If my understanding is right use can use of KPI to identify the spikes if its above some value . Let me know if this is what you are looking for.

 series field 2 number time a adsfs 4 2000 a jkjhkhjk 3 2001 a dfsjk 9 2002 a adsfdsa 7 2003 b sdfdfff 3 2000 b ddddd 3 2001 b ssss 3 2002 b sdsdre3 3 2003

take this fake data for example. i have 2 series, A and B. when each is plotted over time, A spikes up. How do I use KPI to identify this?

in my real data, i have 1000s of series. I can think of 1 way to do this and that would be to create a new field in my dataset that manually calculates the number as a percent of the series sum. is it better to do it that way or can I implement this in tableau?

You should be able to do with table calculations, sort of a quick SPC. I'm happy to help with this, but need a bit more data to work with. If you could mock something up in excel and attach the file (use the advanced editor for that) I'll have a look. Please be sure your time field matches the one in your data source as much as possible, i.e. in terms of type, nulls, etc. Are those years? Also, field 2 doesn't serve any purpose in this sample, correct?

actually, field 2 does serve a purpose. think of it like a semi-unique identifier in the data set where most of the time it's unique but on occasion there are rows with the same field 2 name.

time is in years.

But it doesn't come into play in terms of spikes, right? How many years are in your data? Are all series present for all years (it isn't a deal breaker if that is not the case, but I'd have to use my brain slightly more)? I should be able to do something with superstore sales. Do you have a threshold in mind for a spike? If not I'll probably just use 2 or 3 standard deviations?

i guess it doesn't come into play with regards to spikes.

about 13 yrs total. series are not all present in all years. some series are just 1 year and some span multiple.

no clue on the threshold. as of now I was identifying it visually, i'd prefer to use a more statistical approach. 1-3 SD seems reasonable.

Missing values count as zeros?

I didn't do much to make it pretty, but this should basically do the job (if I understand it). I used month-year to get enough dates to be interesting and put in a parameter for the alert threshold. Note, I only setup an upper control limit, but lower would be similar if you want that too. Also, on the last sheet I filter using an additional window calc, so you just see

Pretty now.

See if this would work for your needs, let me know if you'd like me to fill in some of the details.

i'm learning a lot from your set. I still don't understand all the logic. let's start with:

2) why you have averagessales and Averagesales + N*SD in the Marks.

Also, the plot itself is not exactly what i was trying to do. how would you create a flag that identifies States that have peaks? for example, arizona has 2 peaks and Baghdad has none. I'd like to quantify the volatility somehow.
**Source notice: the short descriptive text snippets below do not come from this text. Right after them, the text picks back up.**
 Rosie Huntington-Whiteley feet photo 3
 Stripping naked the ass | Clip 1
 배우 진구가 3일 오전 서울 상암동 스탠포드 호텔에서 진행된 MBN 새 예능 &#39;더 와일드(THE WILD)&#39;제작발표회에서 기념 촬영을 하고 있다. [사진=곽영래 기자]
here's another one. in the quickSPC example, lets say that each state did not necessarily have continuous sales in each month or year. maybe California only had sales in 1 year and england had sales from 2010-2012 and Bahia had sales in 2000 and in 2002. how do you count the number of years (or whatever increment)?
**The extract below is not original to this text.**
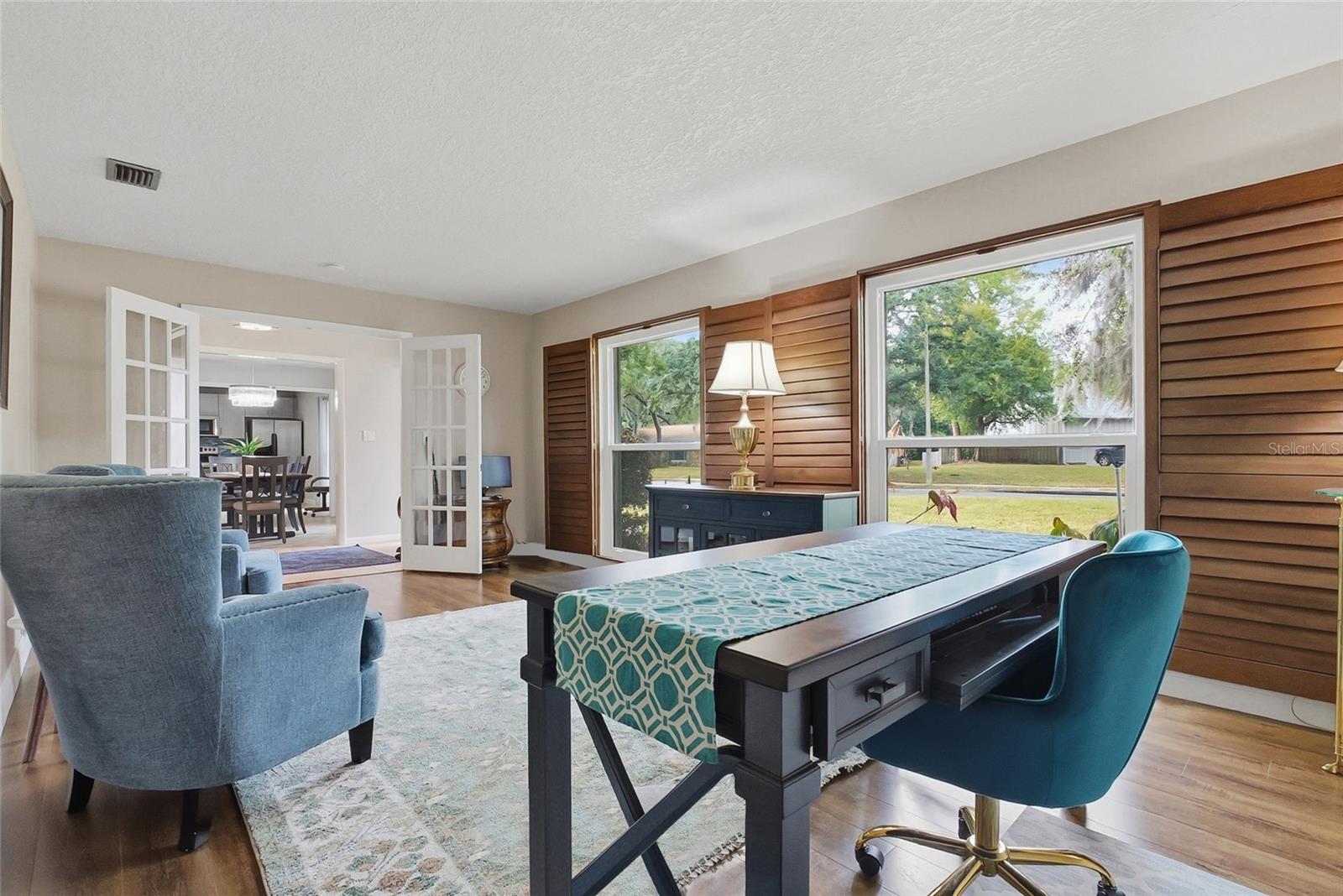 SWEETWATER OAKS SEC 04 - Residential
that seems complicated. or even something more simple, identify the states that only had sales in 1 year.

2) If I recall correctly, average sales was just an intermediate calculation on my way to Average Sales+N*SD

1) Has alert is precisely those "States" where at least one alert occurs. Alert is 1 when there is an alert and 0 when there isn't, Has alert is simply the max of alert over all the dates in the view. In a situation like yours, with 1000s of series, it is probably a good idea to narrow down just to the ones which might be interesting (important). I'll sometimes go a bit further and restrict only to alerts in the recent couple of weeks (months or years). You can do that using the optional parameters in the window_max, so you're just considering the last few records.

SD is a measure of volatility. If you want a count of the alerts, you could use window_sum instead of window_max (indicator variables are handy in this way).

I asked about how null records should be handled, but after waiting for 30 seconds, I made a judgement call. It seemed to me the most reasonable way to deal with missing records is to call then 0 (one could also count them as missing... but that gets messier philosophically). To count the missing records as zero, I created a calculation called Sum Sales which is: zn(Sum([Sales])), this was used in place of the usual sum([Sales]). Layout of the worksheet plays a role too, it is why I switched from a columnar format on the first sheet to a tabular format those that followed, it wasn't just an aesthetic choice (though it was that too). Laying things out in a tabular way like this allows you to "densify" your data so that all row/column combinations are represented in a way that Tableau recognizes. Zn works if there is a null record, but not if there is no record, this layout creates the structure on which to hang this calculation. If you find that confusing... you're not alone.

I used the Alert = 1 in the filters section instead of using Has Alert = 1, because i only wanted to see the Items that were of interest.